Control panel vsync is the superior method in nearly all case scenario, and its very modular too, like the rest of the control panel. This game is the exception. And in an instance like this one, which is extremely rare, the fix is simple.

But you are worse off leaving settings up to developers and their different implementations than sticking with your predefined settings in the control panel of which you have complete and total control over but more importantly, you know what you're in for.
No, I turn AF to 16x in the NVCP because lots of games just don't have a setting for it. You just made up a bunch of junk because you got called out.

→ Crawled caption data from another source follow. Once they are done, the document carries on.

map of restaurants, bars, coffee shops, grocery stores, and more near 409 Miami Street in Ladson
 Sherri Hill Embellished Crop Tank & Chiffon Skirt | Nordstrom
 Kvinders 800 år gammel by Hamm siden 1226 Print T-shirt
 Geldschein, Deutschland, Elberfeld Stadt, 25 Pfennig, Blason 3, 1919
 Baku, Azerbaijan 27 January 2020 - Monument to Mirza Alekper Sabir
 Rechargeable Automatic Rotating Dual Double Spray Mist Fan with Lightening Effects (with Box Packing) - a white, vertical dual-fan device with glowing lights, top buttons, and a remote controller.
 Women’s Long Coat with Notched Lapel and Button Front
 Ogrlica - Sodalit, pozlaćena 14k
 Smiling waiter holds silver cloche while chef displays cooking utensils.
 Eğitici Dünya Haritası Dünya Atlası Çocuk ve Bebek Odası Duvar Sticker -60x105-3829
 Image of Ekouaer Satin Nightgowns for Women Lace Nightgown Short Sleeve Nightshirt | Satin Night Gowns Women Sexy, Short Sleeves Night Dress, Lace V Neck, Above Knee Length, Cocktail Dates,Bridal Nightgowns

I literally just gave an example as to why you should NOT force a 3rd party vsync with this game; it will slow down the loading screens. The in-game vsync disables itself during the loading screens so this doesn't happen. Of course you didn't read that, you were too busy inflating your strawman fallacy.

But this isn't even the first game to do this, there are a myriad of other games that, that alone should be enough to not enable a global vsync but here's some more!

Enabling global vsync also affects programs. Yeah, if you check NVPI you'll see lots of programs have their own profiles set up. So any programs, web browsers, video players, video editing software, ANYTHING is now forced to use vsync even though they are often not designed for that.

There is no reason to globally force vsync, and anyone who has been gaming for more than 10 minutes will tell you to do it on a game-by-game basis, not global. But please do keep making stuff up.